Setelah exercise pagi ini dan makan pagi secukupnya doang, kami bersiap-siap untuk ke kota, downtown istilahnya. Tidak jauh, cuma 2 km-an alias jatah untuk jalan kaki. Namun prens sadayana, isteriku sudah jadi anak Kanada alias tidak tahan lagi dengan suhu 30-an C dan lembab di Bridgetown ini. Jadi belum lama tiba di kota, baru sejam berjalan, ia sudah merengek minta pulang ke kapal. Soalnya, memasuki beberapa 'department store' maupun toko, jarang yang pakai AC, paling-paling kipas angin, "kampungan" banget :-). Pasar ikannya pun mirip dengan Pasar Ampera di kompleks perumahan kami waktu masih tinggal di Kayu Putih, Pulo Mas. Serba terbuka, beratap sederhana dan dari batu doang. Jadi, tidak lama mencari angin panas di kota, kami kembali ke kapal untuk berlindung di kapal ber-AC. Payah banget ya si Empok Cecile, padahal 2 hari lagi akan jadi "putri salju" kembali, maksudnya siap-siap shovel snow di tengah suhu minus belasan derajat. Barulah ia akan mendambakan kehangatan Bridgetown di pulau Barbados.

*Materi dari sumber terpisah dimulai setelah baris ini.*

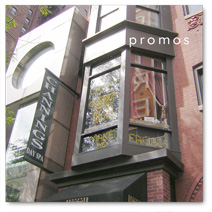 Channing's Promos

Kembali ke kapal, acara yang paling asyik setelah bermandi-peluh di luar adalah berenang di kolam renang yang airnya sejuk. Itulah yang kami lakukan bolak balik duaan wae sebab kolam renang menjelang siang, tidak ada yang renangi kecuali dua anak norak dari Kanada ;-). Yang lain menikmati pantai benaran di pulau, anak Jawa dan Betawi di pantai bohongan azha, sudah bosan dengan suhu yang panas :-). Di pinggir kolam ada pizza bar dengan cem-macem jenisnya. Kutegur pelayannya karena tidak pasti anak Pilipin atau Melayu. Ternyata anak Sumbar, pantes tulang pipinya agak menonjol. Namanya Benny katanya dan kubilang, sebetulnya anak Asia di kapal ini dengan tulang pipi menonjol, mestinya anak Indo. Ia mengangguk dan menunjuk kepada seorang yang sedang melipati handuk kolam renang. "Dia juga anak Indonesia Pak," kata Benny dan belakangan dari pelat nama yang kubaca, benar namanya bermarga :-). Seorang awak kapal agak bule menghampiri kami ketika sedang ngobrol dengan Benny. "We are talking in our mother language," kataku ke dia supaya ia tidak merasa dicuekin. "I know, you sit on table 478." Aje gile, kataku dalam hati, rupanya berita Bang Jeha dan Empoknya yang dari Melayu dan sudah kulo-nuwun dengan puluhan awak kapal masuk di "surat kabar gosip" cruise ship ini :-). Sekian dulu dongeng hari ini, saya mau mencari tahu ada gosip apa lagi yang beredar mengenai kami berdua di kapal ini :-).